Thursday, April 1, 2010


I just got back from a trip to New Orleans, my first time in four years. Stay tuned for a couple upcoming podcasts on the city's Neighborhood Story Project, and on Faubourg Treme -- the historic district that's the subject of a 2008 documentary and the setting for HBO's new series. But for now, a bit about some other stories.  

I was in New Orleans in October 2005, just over a month after Hurricane Katrina and the levee failures. The water had of course receded by that time, but many houses still had high-water marks, and orange crosses with numbers on the doors, indicating whether rescue workers had inspected the building for people living or dead, and what or whom they found. The scene was a shadow of the awesome force that pounded the city; it was easily understandable why some people I spoke with -- pained as they were at the terrible losses they'd suffered -- were proud at having survived the storm. (Guiltily, their stories made me wish a little that I had been there during the storm; for however terrifying it was, the experience of genuine awe is rare, as is the sense of community that came about among residents.) And even those who had fled for safer spots and were just coming back to town, they wanted to talk.

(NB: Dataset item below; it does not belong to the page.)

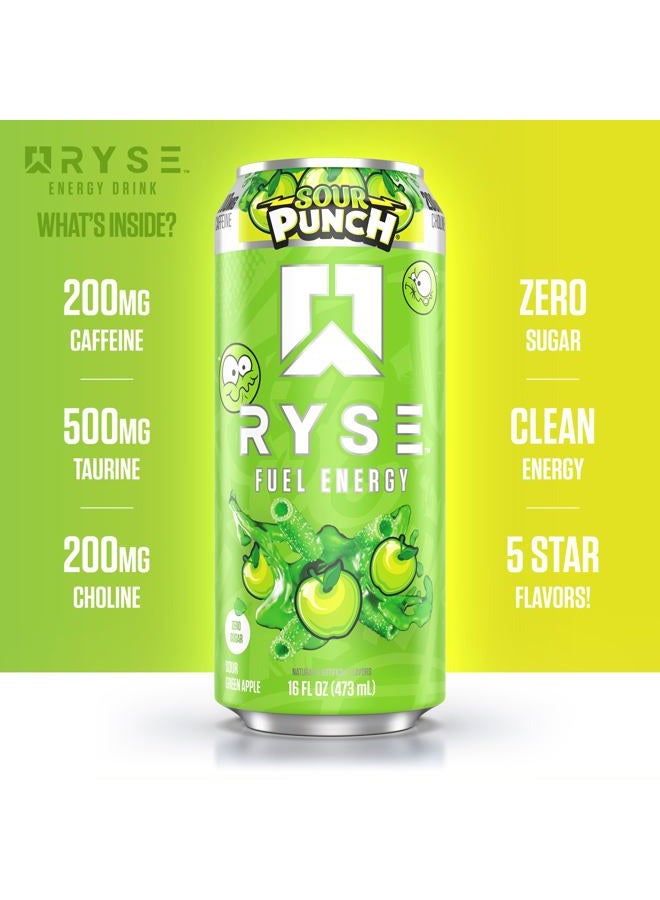 RYSE Up Supplements Fuel Sugar Free Energy Drink | Vegan Friendly, Gluten Free | No Fillers & No Artificial Colors | 5 Calories | 200mg Natural Caffeine | 12 Pack (Sour Punch Green Apple) - Image 5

Maybe New Orleanians just love to talk. But on top of that, many people wanted to testify. How they'd escaped. How they'd ridden out the storm. What they lost. Whom they'd rescued. Their outrage at the failure of the levees, or of the government.

They had each other to talk with, of course, but there were plenty of others to hear their testimonials. News crews. Trauma counselors. And oral historians from far and near. The Historic New Orleans Collection has a list of some oral history projects. HNOC's oral history work focused on first responders, and included interviews with corrections officers who helped evacuate jails and prisons. Other sites include the "Hurricane Digital Memory Bank," which is "collecting and preserving the stories of Katrina and Rita." The "I-10 Witness Project" interviews New Orleans residents about their storm-related experiences. And "Do You Know What It Means" implores visitors to "help remember New Orleans" before Katrina -- drawing its name from the song made famous by Louis Armstrong, "Do You Know What It Means to Miss New Orleans?" Heroic or outraged or funny as some of the stories are, the whole enterprise of documenting this calamity is somehow terribly sad, as if the inimitable city of New Orleans were being reduced to mere memories, a collection of digital files to be found online, electric impulses, 0s and 1s floating in the air.

Or that's how I felt before going to New Orleans last week, my first time since Mardi Gras 2006. Plenty of rebuilding remains to be done, but the progress is encouraging, and tangible. Katrina's legacy is of course still present everywhere, but like the waters, it, too, is receding. People are talking about the music, and the new HBO show coming up, and the Saints, and everything else people talk about. Part of the reason they can now do that is the reckoning that took place through oral history. And so these stories, which seemed so sad to me just recently, look different now. Katrina and the levee failures will surely go down in history. But whether or not these particular stories on these particular websites ever make it into any book or documentary film, whether they reach anyone a few generations from now, whether and how they are transformed in time into family legend that someone's great great grandchild recounts many years from now -- whether or not any of that happens, the stories had to be told. They are not just mournful memories of a lost city, but the powerful assertion of an irrepressible culture.